| Material shown |
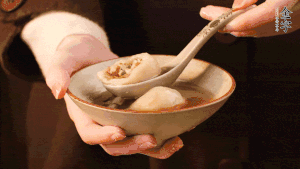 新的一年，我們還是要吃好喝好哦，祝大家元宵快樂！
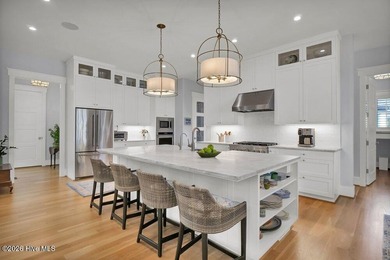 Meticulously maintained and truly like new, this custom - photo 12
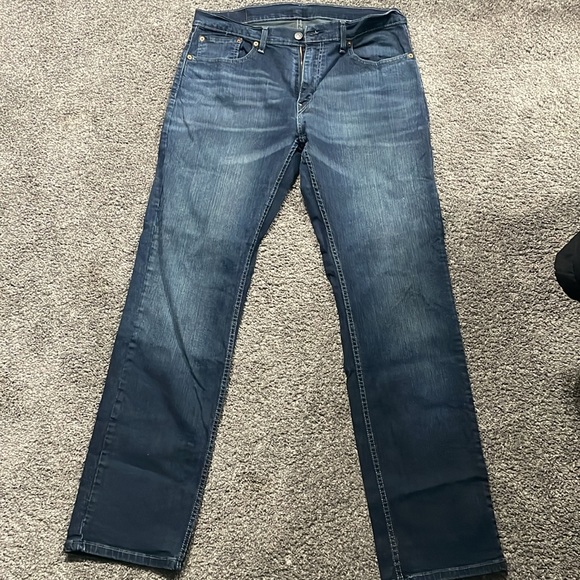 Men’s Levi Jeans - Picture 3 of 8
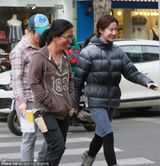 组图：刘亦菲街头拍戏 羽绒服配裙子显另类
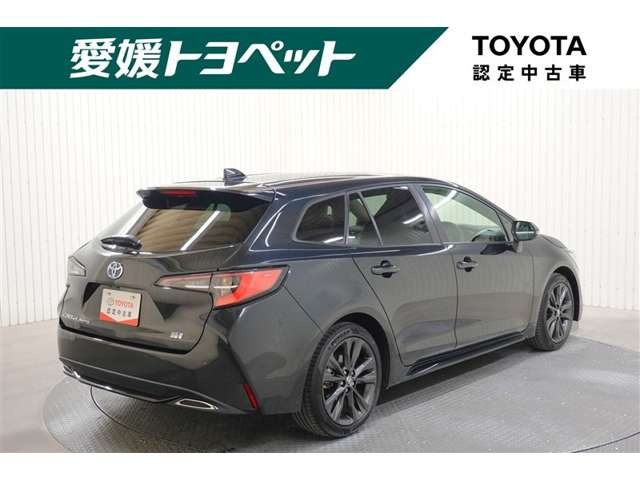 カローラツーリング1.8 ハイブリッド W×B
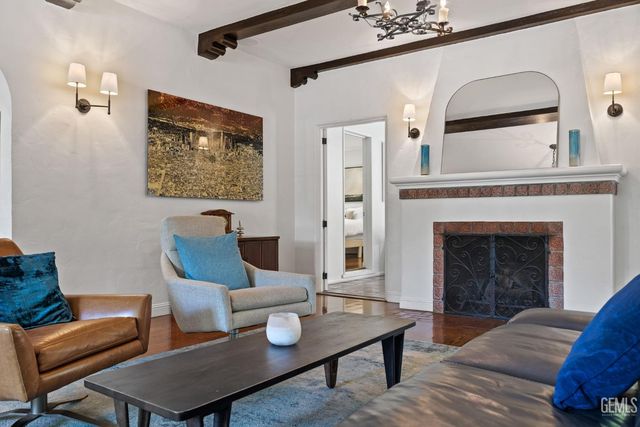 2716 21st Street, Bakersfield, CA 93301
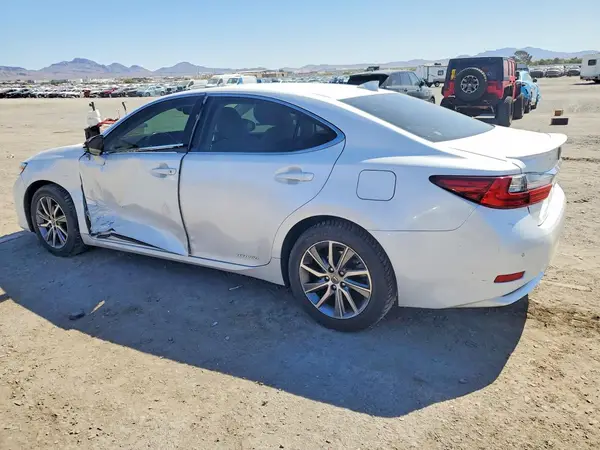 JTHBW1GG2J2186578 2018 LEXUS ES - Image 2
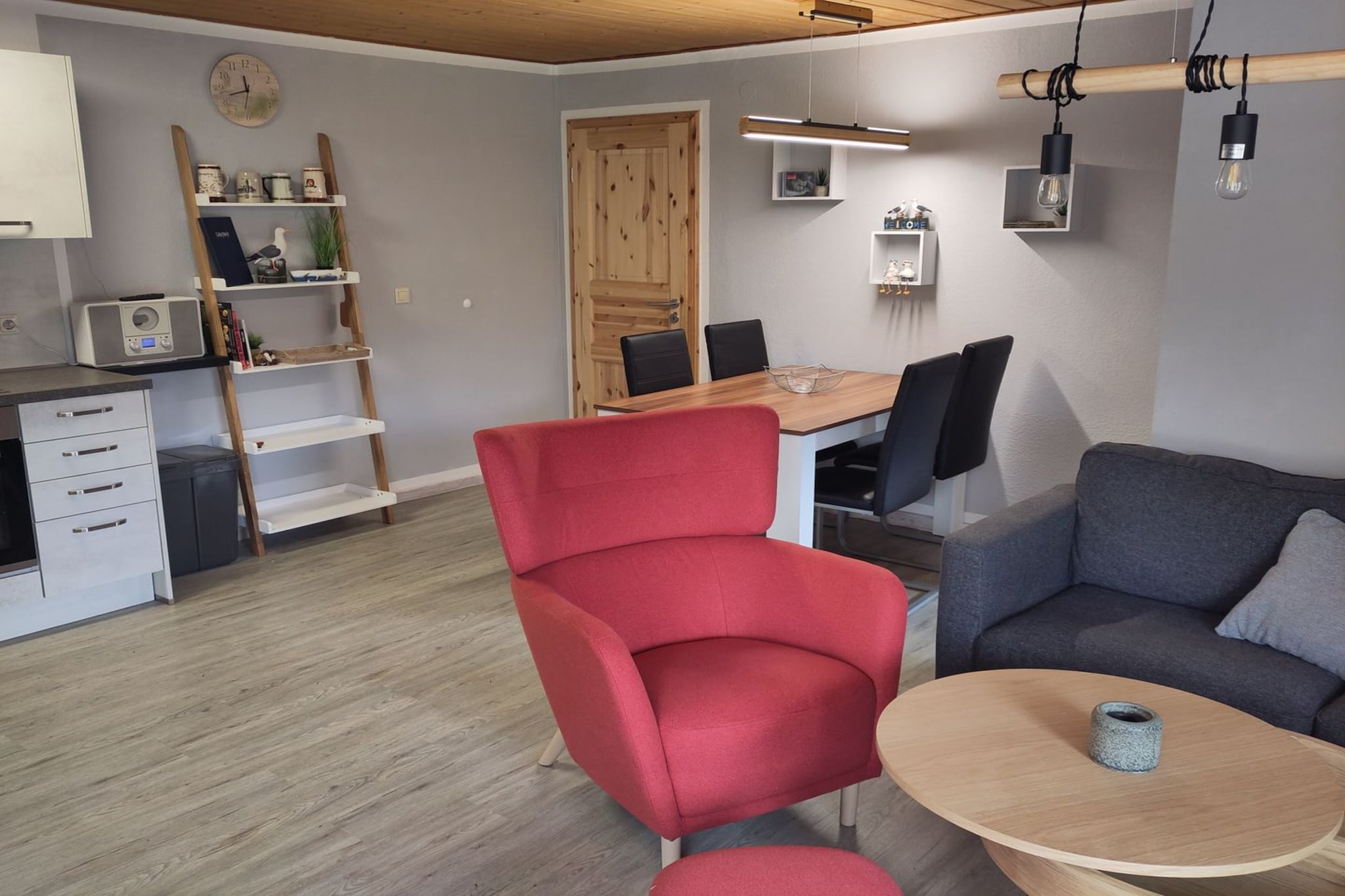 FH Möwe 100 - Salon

| Prompt |
Retype, exactly and only, the lines from the one containing "组图：刘亦菲街头拍戏 羽绒服配裙子显另类" through the end of the entries, both ends included, and omit all pictures.

| Output of the exercise |
 组图：刘亦菲街头拍戏 羽绒服配裙子显另类
 カローラツーリング1.8 ハイブリッド W×B
 2716 21st Street, Bakersfield, CA 93301
 JTHBW1GG2J2186578 2018 LEXUS ES - Image 2
 FH Möwe 100 - Salon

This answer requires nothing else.